Gegeven zijn de cirkel `c_1` met vergelijking `x^2 + y^2 = 9` en de cirkel `c_2` met vergelijking `(x - 15)^2 + y^2 = 144` . In de figuur zijn `c_1` en `c_2` getekend.
Cirkel `c_3` met middelpunt op de positieve `y` -as raakt de beide cirkels `c_1` en `c_2` .
Stel een vergelijking op van `c_3` .
De cirkels `c_1` en `c_2` hebben drie gemeenschappelijke raaklijnen.
Stel van elk van deze gemeenschappelijke raaklijnen een vergelijking op.
(bron: pilotexamen wiskunde B vwo in 2013, tweede tijdvak)

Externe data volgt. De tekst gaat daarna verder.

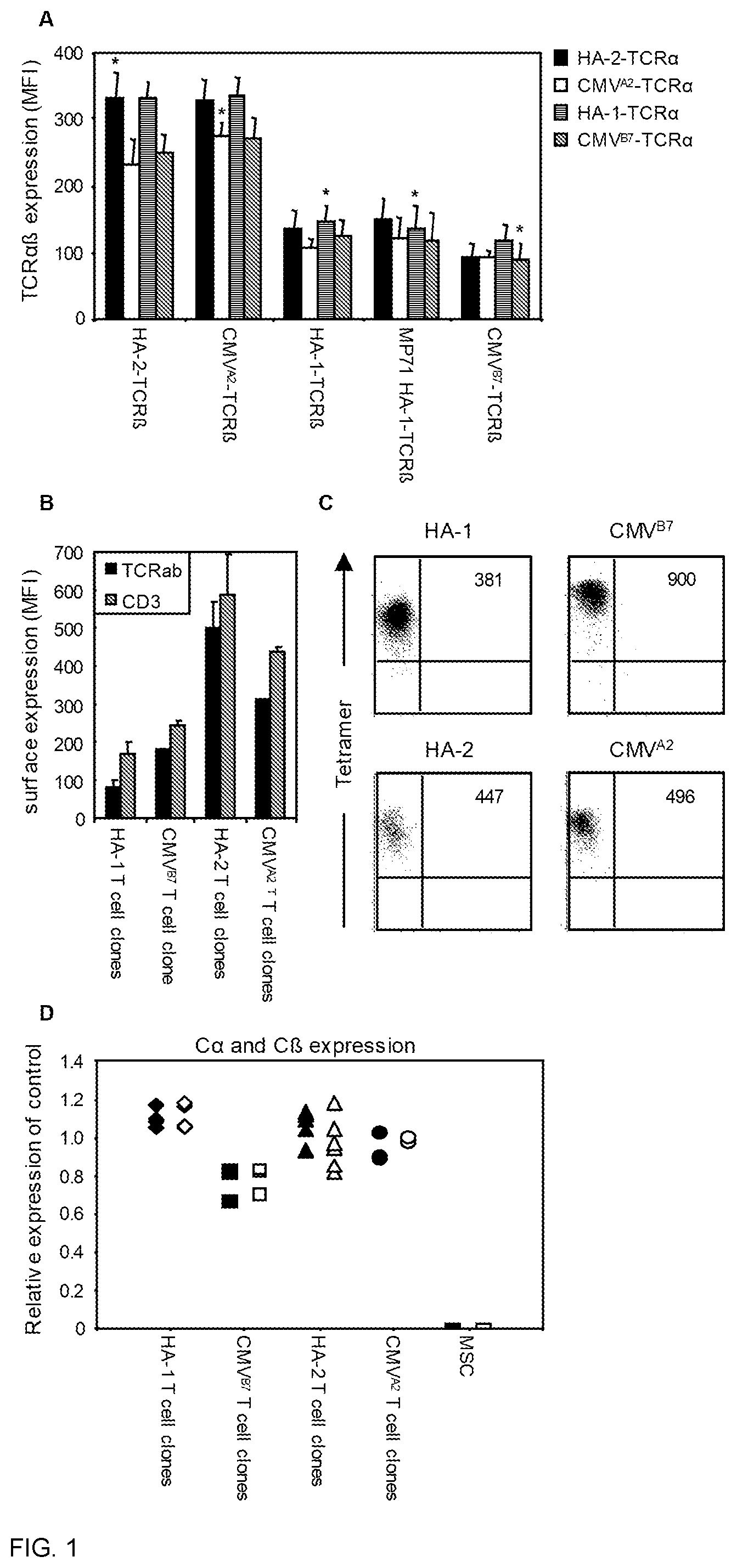 Patent US12448427 — Binding proteins specific for HA-1 H and uses thereof — Figure 1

Gegeven zijn twee cirkels met middelpunten
`(text(-)a, 0)`
,
`(a, 0)`
en straal
`r`
. Gegeven is ook punt
`(0, 3a)`
.
Door
`(0, 3a)`
gaan twee raaklijnen aan de cirkels, zodat de middelpunten van de cirkels binnen
de daardoor ontstane driehoek liggen. De driehoek die beschreven wordt door
`(0, 3a)`
en de snijpunten van de raaklijn met de
`x`
-as is gelijkzijdig. Bekijk de figuur.
Druk `r` uit in `a` . Rond af op twee decimalen.